So what you're saying is that gov't contractors could sell to north Korea, Iran and other rogue nations [if they can get away with it]?
If there is no law, sanction, or export control governing the sale? Yes. The US government has been involved with this product for more than a decade; if they wanted to restrict its sale, they'd have done so by now.
This is not military-grade or custom software. It is off-the-shelf big-data reporting software used by a number of financial and medical institutions. It's marketed as security software, and the media is interested in ginning up outrage over that point, but in the end it's just a reporting tool; it only helps with understanding data that is already collected by other systems.
The DOD made the choice to use off-the shelf software, rather than develop internally or contract custom work. The DOD is well within its rights to demand the same sort of reviews and reject any products it finds insecure, though buying off-the-shelf software does mean there is less governance over who the same software can be sold to in the same manner.
Source code reviews are very common for major off-the-shelf products sold to governments.

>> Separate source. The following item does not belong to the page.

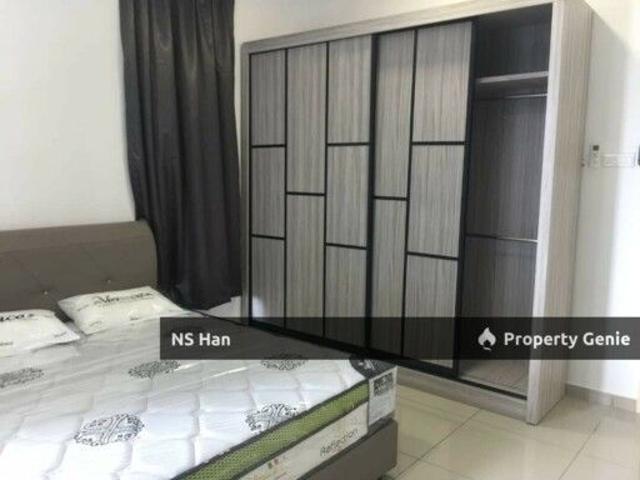 Apartment for rent in Taman Kota Laksamana Jaya, Bandaraya Melaka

Microsoft even has policies for that specific purpose--just about any customer big or valuable enough can review the Windows source code, and we know that many of them (such as China) has.
For allies - that would be another matter. Sorry, but normalizing that kind of thing for the almighty buck is prima facia ridiculous.
Given what this software actually does, I don't agree that it applies in this case, but you are under the misconception that 'normal and believable' and 'stupid and short-sighted' are mutually exclusive when dealing with governments and large companies.